From: Dario Faggioli <dfaggioli@suse.com>
To: xen-devel@lists.xenproject.org
Cc: Juergen Gross <jgross@suse.com>,
Andrew Cooper <andrew.cooper3@citrix.com>,
George Dunlap <george.dunlap@citrix.com>,
Jan Beulich <jbeulich@suse.com>
Subject: [PATCH 2/2] xen: credit2: limit the max number of CPUs in a runqueue
Date: Wed, 29 Apr 2020 19:36:35 +0200 [thread overview]
Message-ID: <158818179558.24327.11334680191217289878.stgit@Palanthas> (raw)
In-Reply-To: <158818022727.24327.14309662489731832234.stgit@Palanthas>
In Credit2 CPUs (can) share runqueues, depending on the topology. For
instance, with per-socket runqueues (the default) all the CPUs that are
part of the same socket share a runqueue.
On platform with a huge number of CPUs per socket, that could be a
problem. An example is AMD EPYC2 servers, where we can have up to 128
CPUs in a socket.
It is of course possible to define other, still topology-based, runqueue
arrangements (e.g., per-LLC, per-DIE, etc). But that may still result in
runqueues with too many CPUs on other/future platforms.

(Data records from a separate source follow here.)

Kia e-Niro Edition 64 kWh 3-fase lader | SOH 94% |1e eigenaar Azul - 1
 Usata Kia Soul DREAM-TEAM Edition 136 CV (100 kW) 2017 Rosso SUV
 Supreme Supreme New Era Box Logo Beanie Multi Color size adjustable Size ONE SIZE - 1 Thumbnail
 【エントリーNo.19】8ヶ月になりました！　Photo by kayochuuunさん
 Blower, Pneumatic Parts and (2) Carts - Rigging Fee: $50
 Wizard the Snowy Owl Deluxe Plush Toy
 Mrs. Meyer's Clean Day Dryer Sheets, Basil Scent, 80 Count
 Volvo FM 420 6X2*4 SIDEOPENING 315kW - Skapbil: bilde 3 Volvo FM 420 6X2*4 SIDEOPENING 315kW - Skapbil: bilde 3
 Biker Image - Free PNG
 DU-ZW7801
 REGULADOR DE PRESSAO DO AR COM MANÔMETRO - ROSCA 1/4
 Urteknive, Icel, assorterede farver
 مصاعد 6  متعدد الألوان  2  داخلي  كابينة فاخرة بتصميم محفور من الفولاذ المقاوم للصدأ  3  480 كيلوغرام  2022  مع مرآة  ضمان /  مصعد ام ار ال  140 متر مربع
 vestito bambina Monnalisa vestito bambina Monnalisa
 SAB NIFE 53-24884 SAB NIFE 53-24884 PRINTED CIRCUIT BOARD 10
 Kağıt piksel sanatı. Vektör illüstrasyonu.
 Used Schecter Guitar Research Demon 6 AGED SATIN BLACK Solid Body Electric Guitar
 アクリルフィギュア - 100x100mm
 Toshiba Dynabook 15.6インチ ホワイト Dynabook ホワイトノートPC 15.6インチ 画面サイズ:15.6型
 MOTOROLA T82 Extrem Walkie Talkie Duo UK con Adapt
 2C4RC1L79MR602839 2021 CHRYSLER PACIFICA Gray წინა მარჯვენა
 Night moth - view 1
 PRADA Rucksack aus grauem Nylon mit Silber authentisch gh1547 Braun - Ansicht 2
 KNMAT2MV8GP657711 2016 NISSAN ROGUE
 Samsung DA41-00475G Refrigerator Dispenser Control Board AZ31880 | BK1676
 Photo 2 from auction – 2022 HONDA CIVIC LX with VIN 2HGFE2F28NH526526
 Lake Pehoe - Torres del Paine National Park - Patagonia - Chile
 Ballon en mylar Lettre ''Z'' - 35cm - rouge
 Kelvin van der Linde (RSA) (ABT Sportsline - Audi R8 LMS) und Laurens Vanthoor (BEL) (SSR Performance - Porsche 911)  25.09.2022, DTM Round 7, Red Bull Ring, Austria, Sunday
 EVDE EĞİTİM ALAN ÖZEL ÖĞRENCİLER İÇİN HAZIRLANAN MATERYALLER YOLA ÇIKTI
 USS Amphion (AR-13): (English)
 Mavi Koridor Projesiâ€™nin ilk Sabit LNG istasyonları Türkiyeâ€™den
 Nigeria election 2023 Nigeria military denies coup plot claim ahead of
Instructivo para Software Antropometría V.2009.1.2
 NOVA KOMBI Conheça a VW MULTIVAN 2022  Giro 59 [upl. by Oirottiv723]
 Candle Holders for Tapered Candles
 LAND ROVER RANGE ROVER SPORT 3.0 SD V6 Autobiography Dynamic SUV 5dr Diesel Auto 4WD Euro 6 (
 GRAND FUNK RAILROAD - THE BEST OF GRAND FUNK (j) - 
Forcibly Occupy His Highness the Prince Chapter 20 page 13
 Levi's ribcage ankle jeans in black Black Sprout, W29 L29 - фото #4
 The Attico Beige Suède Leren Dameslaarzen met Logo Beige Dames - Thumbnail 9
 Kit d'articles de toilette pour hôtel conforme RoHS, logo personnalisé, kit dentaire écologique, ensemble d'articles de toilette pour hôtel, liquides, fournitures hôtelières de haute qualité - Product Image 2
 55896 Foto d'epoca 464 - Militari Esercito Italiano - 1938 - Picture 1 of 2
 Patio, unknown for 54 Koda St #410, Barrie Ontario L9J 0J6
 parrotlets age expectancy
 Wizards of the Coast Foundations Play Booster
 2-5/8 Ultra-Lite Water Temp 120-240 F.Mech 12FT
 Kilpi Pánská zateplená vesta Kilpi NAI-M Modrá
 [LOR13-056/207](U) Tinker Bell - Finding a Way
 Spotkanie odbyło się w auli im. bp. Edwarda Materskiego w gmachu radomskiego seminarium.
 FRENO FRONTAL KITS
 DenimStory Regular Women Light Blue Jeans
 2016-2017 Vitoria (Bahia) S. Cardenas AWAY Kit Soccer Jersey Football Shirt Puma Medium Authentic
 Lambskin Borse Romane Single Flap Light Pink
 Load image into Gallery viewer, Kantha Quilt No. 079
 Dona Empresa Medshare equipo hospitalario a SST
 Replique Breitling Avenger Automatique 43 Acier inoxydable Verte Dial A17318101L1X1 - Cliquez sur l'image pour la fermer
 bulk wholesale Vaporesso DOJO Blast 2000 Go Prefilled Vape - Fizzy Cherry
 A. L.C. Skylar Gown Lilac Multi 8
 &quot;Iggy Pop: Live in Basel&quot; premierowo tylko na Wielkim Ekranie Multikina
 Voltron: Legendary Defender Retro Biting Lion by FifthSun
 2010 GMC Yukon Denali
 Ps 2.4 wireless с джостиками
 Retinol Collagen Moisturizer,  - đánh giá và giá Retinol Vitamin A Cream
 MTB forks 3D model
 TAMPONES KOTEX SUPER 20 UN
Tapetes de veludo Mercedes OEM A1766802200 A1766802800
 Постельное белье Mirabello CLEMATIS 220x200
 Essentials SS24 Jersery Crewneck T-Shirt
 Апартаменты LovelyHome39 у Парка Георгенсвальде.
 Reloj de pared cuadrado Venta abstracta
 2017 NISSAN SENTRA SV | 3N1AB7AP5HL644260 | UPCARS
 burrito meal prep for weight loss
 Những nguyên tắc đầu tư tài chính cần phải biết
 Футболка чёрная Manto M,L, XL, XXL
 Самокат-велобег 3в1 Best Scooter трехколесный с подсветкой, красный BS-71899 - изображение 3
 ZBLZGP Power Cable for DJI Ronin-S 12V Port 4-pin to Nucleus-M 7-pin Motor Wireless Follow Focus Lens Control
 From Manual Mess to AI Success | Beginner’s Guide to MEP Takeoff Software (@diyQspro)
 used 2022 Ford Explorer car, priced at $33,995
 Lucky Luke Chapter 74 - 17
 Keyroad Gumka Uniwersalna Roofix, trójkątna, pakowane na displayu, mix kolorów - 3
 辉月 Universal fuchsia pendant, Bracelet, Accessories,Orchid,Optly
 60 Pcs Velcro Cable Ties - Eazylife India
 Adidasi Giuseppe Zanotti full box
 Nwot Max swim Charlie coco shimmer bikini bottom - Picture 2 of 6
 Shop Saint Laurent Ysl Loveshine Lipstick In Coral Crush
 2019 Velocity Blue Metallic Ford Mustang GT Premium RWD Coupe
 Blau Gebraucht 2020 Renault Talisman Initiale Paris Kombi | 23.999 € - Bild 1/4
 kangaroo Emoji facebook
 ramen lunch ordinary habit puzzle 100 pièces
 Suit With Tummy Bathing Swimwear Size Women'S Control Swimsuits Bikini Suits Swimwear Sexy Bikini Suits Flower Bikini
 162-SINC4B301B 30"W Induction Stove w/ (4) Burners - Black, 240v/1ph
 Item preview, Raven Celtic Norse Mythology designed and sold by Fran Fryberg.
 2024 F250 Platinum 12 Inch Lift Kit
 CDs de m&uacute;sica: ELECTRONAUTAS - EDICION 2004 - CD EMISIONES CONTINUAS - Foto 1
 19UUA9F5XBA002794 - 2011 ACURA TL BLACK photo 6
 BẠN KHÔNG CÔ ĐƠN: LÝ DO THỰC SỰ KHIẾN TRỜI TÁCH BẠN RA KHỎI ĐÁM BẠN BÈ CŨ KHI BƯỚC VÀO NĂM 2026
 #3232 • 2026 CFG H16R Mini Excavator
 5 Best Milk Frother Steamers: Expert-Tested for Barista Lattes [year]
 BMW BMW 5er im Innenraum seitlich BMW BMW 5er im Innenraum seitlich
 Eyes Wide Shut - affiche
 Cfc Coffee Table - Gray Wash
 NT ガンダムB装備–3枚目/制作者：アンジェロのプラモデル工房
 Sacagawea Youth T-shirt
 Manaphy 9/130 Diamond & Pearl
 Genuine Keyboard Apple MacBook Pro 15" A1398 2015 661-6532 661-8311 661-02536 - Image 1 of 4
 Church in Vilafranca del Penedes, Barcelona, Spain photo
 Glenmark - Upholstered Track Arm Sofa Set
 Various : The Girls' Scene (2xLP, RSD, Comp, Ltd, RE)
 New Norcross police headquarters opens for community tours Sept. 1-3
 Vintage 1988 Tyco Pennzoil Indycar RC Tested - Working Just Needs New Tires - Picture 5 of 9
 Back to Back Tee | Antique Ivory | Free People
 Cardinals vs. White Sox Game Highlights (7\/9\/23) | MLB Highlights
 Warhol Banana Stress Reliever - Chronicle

Therefore, let's set a limit to the max number of CPUs that can share a
Credit2 runqueue. The actual value is configurable (at boot time), the
default being 16. If, for instance, there are more than 16 CPUs in a
socket, they'll be split among two (or more) runqueues.
Note: with core scheduling enabled, this parameter sets the max number
of *scheduling resources* that can share a runqueue. Therefore, with
granularity set to core (and assumint 2 threads per core), we will have
at most 16 cores per runqueue, which corresponds to 32 threads. But that
is fine, considering how core scheduling works.
Signed-off-by: Dario Faggioli <dfaggioli@suse.com>
---
Cc: Andrew Cooper <andrew.cooper3@citrix.com>
Cc: George Dunlap <george.dunlap@citrix.com>
Cc: Jan Beulich <jbeulich@suse.com>
Cc: Juergen Gross <jgross@suse.com>
---
xen/common/sched/cpupool.c | 2 -
xen/common/sched/credit2.c | 104 ++++++++++++++++++++++++++++++++++++++++++--
xen/common/sched/private.h | 2 +
3 files changed, 103 insertions(+), 5 deletions(-)
diff --git a/xen/common/sched/cpupool.c b/xen/common/sched/cpupool.c
index d40345b585..0227457285 100644
--- a/xen/common/sched/cpupool.c
+++ b/xen/common/sched/cpupool.c
@@ -37,7 +37,7 @@ static cpumask_t cpupool_locked_cpus;
static DEFINE_SPINLOCK(cpupool_lock);
-static enum sched_gran __read_mostly opt_sched_granularity = SCHED_GRAN_cpu;
+enum sched_gran __read_mostly opt_sched_granularity = SCHED_GRAN_cpu;
static unsigned int __read_mostly sched_granularity = 1;
#ifdef CONFIG_HAS_SCHED_GRANULARITY
diff --git a/xen/common/sched/credit2.c b/xen/common/sched/credit2.c
index 697c9f917d..abe4d048c8 100644
--- a/xen/common/sched/credit2.c
+++ b/xen/common/sched/credit2.c
@@ -471,6 +471,16 @@ static int __init parse_credit2_runqueue(const char *s)
}
custom_param("credit2_runqueue", parse_credit2_runqueue);
+/*
+ * How many CPUs will be put, at most, in the same runqueue.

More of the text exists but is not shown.